Jesse was not satisfied. “Do you have any idea how their people suffered?”
“Yes. Centuries of invaders. Burmese, Khmer, Chinese, Japanese, British. Do we count Americans?”
“Their chance is now! Ko and Keng have a chance to break free now. They must not lose this opportunity!”
“Calm down. I, too, have long-standing contacts. I, too, know when to heed warnings. And I repeat: These deaths in DC change nothing for our deal.”
“I told Ko we’re well-insulated, and it must remain that way.”
“Look, I don’t want to get dragged through US courts for export control violations. That’s why I hand-picked this Dutchman. He’s the best man in the cargo business.”
“That’s the whole damn reason I involved you,” Jesse interrupted. “We need to keep up appearances.”
“As you have told me before, this is not your average every-day semiautomatic pistol shipment. We are not dealing with a simple delivery from your home factory there stateside to your American collectors. I get that. A little creativity must be involved.”

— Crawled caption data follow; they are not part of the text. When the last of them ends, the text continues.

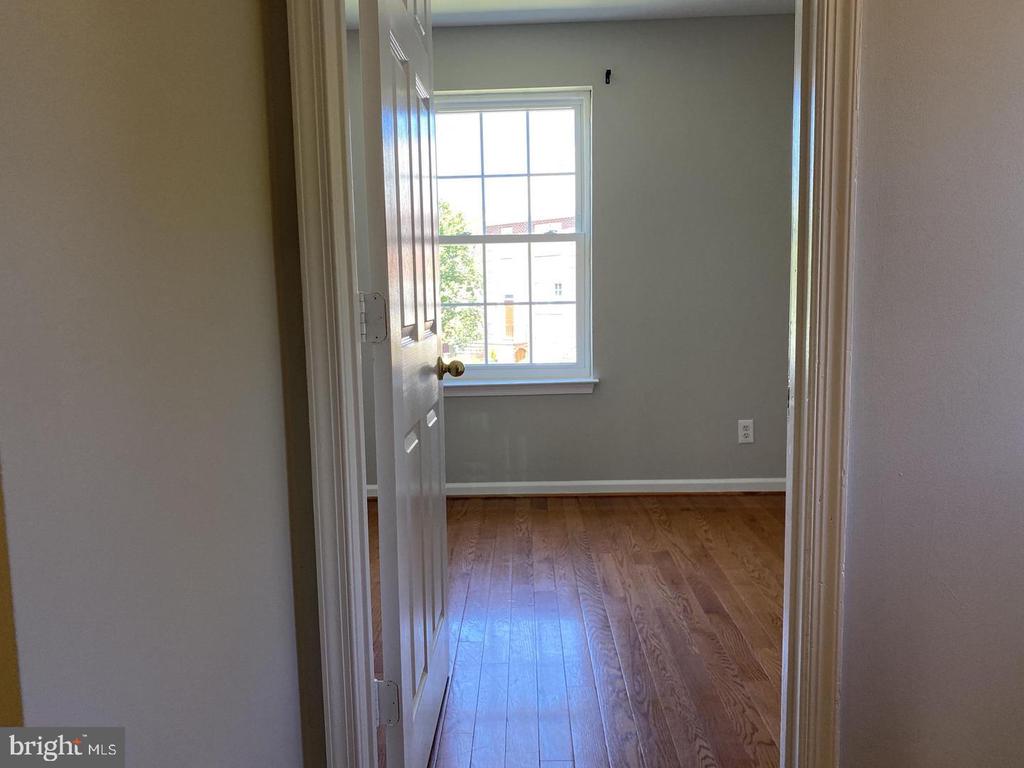 601 STAFFORD GLEN COURT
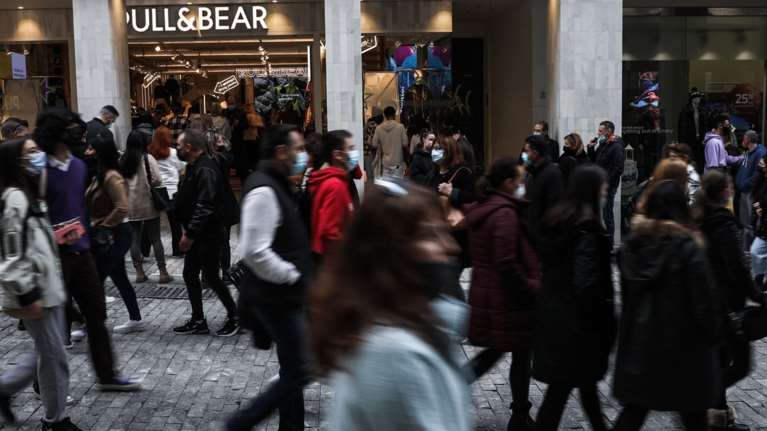 Πώς ξεγελούν το ανοσοποιητικό οι δύο νέες υποπαραλλαγές της Όμικρον - Τα ανησυχητικά συμπτώματα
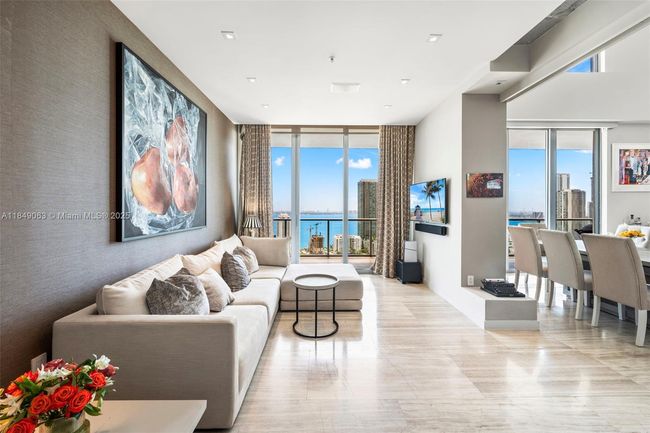 PH207 - 3470 E Coast Ave, Condo with 3 bedrooms, 3 bathrooms and null parking in MIAMI FL | Image 6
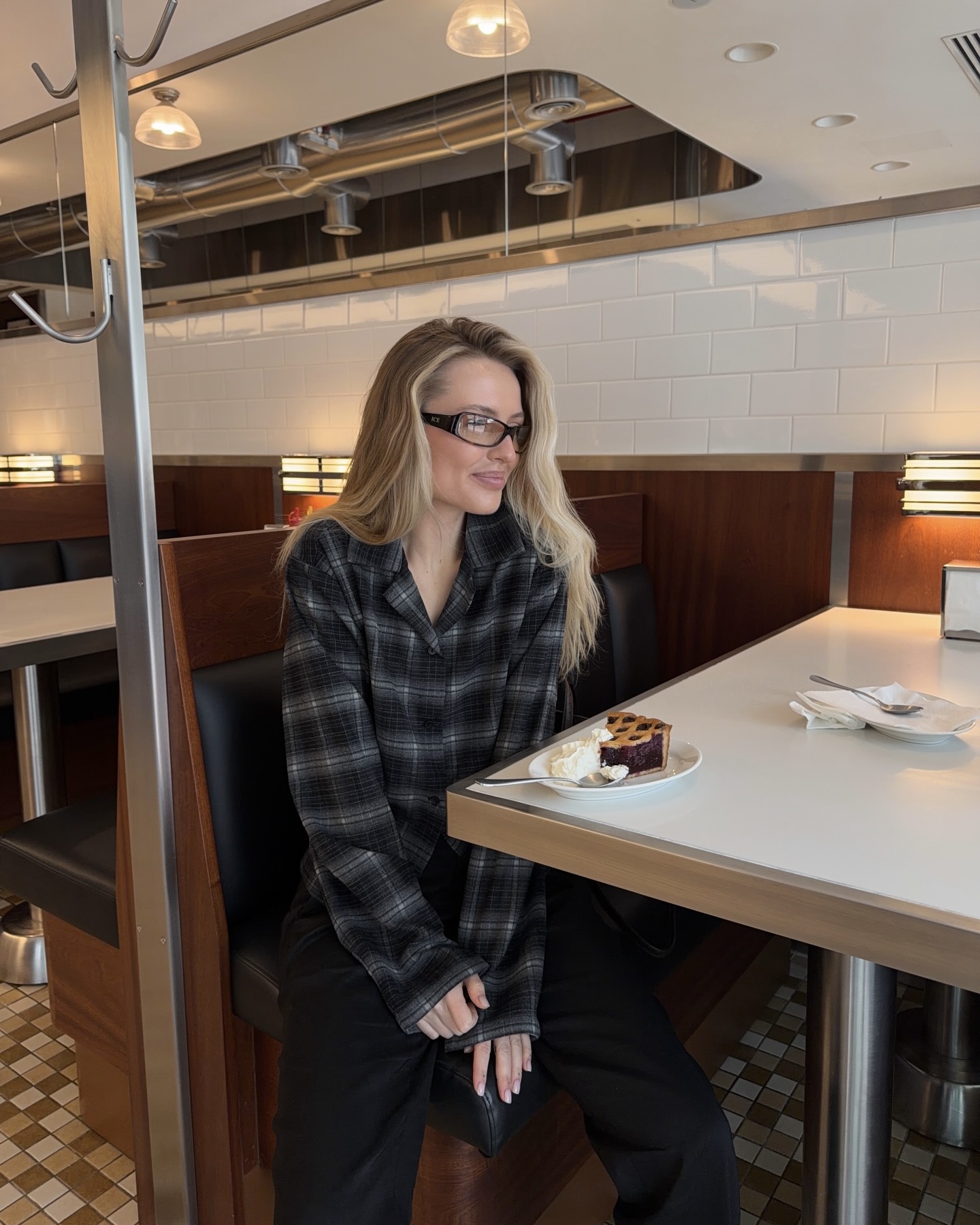 체크셔츠만 봐도 봄 냄새나🌷
셔츠 하나 가볍게 걸치고 산뜻하게 마무리하기👔🤍
체크셔츠는 하나만 있어도 스타일 폭이 넓은 아이템입니다. 단독으로 입으면 캐주얼한 데일리 룩이 되고, 티셔츠 위에 가볍게 걸치기에도 좋은데요. 체크 패턴 덕분에 시선이 분산돼 실루엣이 정돈돼 보이는 것도 장점이죠.
데님과 매치하면 클래식하게, 화이트 팬츠와 매치하면 더 산뜻하게 연출할 수 있습니다. 셔츠를 허리에 툭 둘러주기만 해도 포인트가 되니, 봄까지 활용할 체크셔츠 코디로 참고해보세요. 이미지8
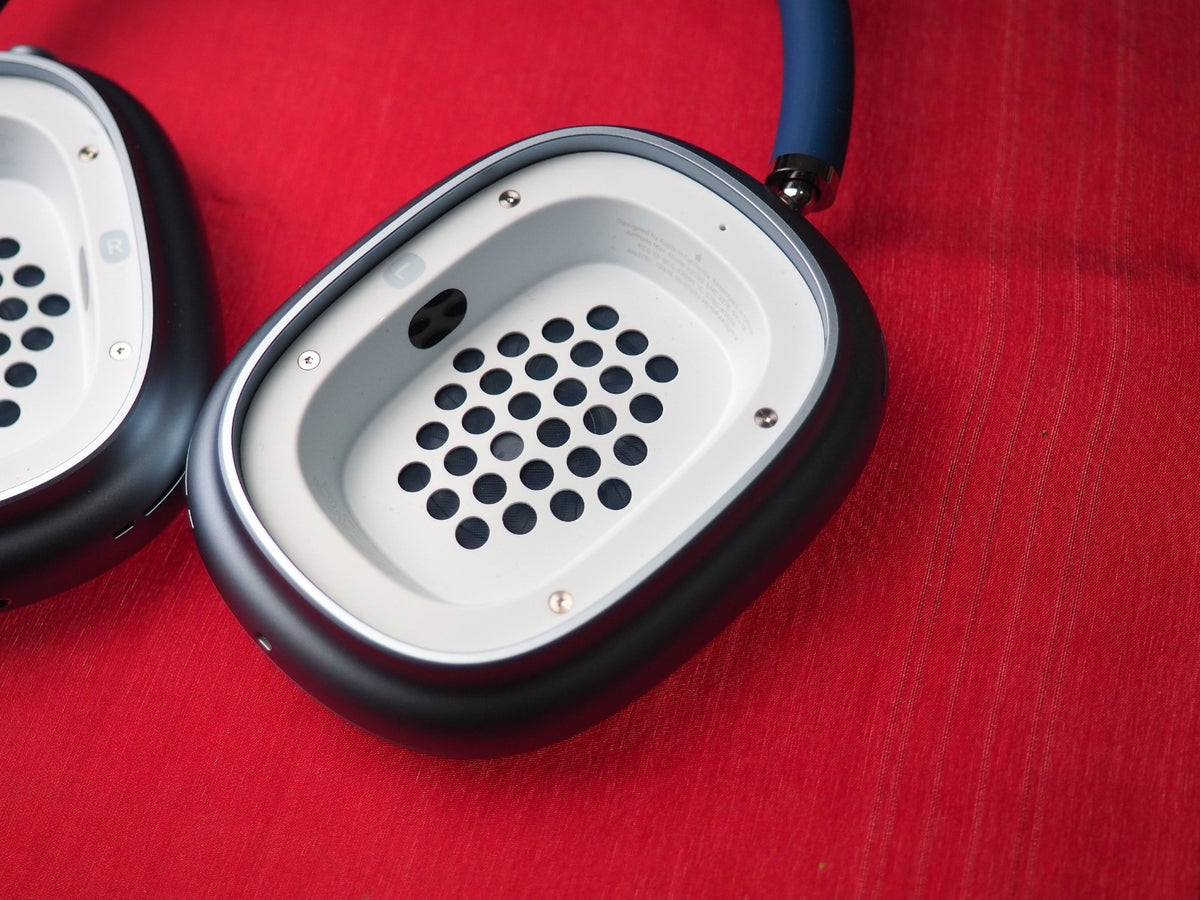 Genuine Apple Max A2096 Bluetooth Headphones Not Working No Power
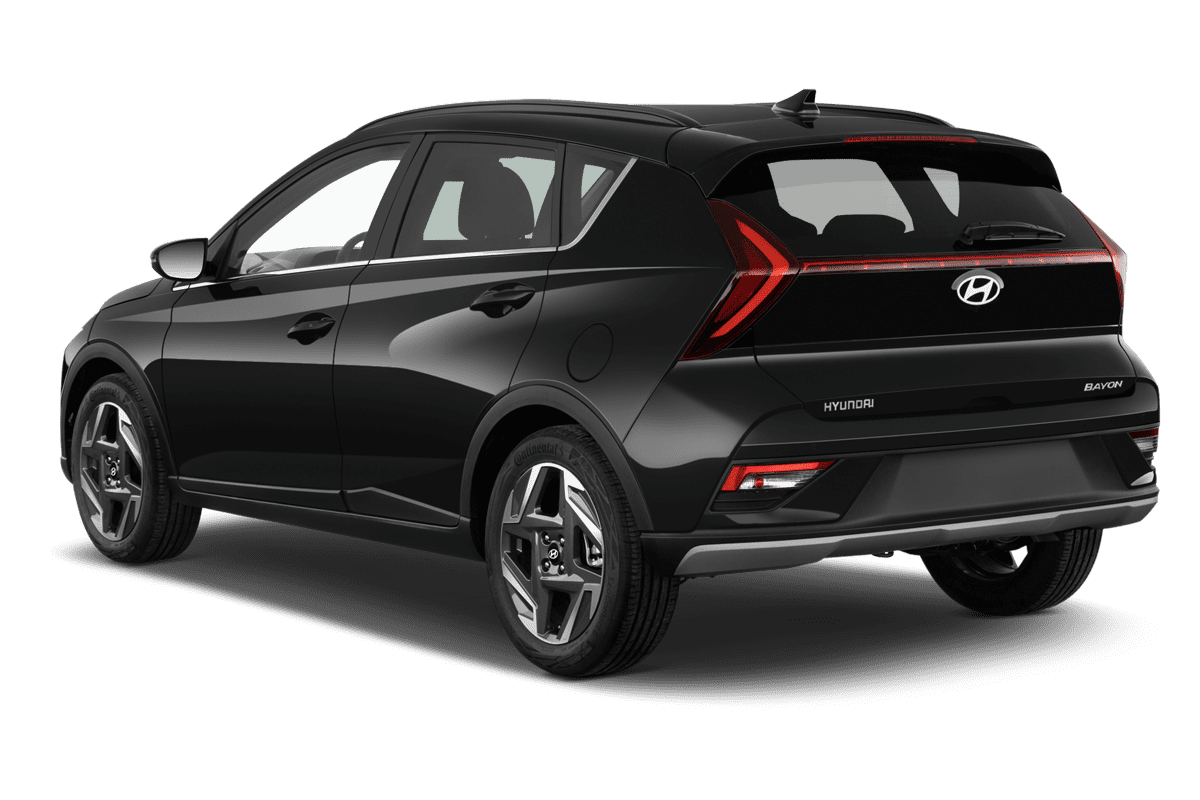 Schräge Heckansicht eines Hyundai Bayon, freigestellt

“Shit!” Jesse said. “A lot of creativity! The supplementation must be managed very carefully!”
“Yes, I understand.”
“You sarcastic asshole!” Jesse replied. “You must guarantee invisibility!”
“Look, this will work out. You are the best on the supply side. You know all the other manufacturers and dealers—black markets too—used, repurposed, diverted. Even ghost weapons. And you have a reputation to uphold, I know. But that’s the point. I am the best on the ground, in-country. I want this as much as you do. We need each other.”
“Everything must arrive in pristine condition.”
“The utmost care.”
“Rifles, grenade launchers, detonators, every single item! Shipped invisibly and cleanly!”
“I assure you, as I have assured Ko: There are no weak links in our chain.”
“You better be right,” said Jesse, nodding as his double chin opened and closed. “I am depending on you to get this shipment all the way to Myanmar.”
“It’s exactly as we planned.”
“Ko and Keng are like brothers to me. And God wants my brothers to be free.”
“No worries, Jesse,” Lin said. “God is on your side.”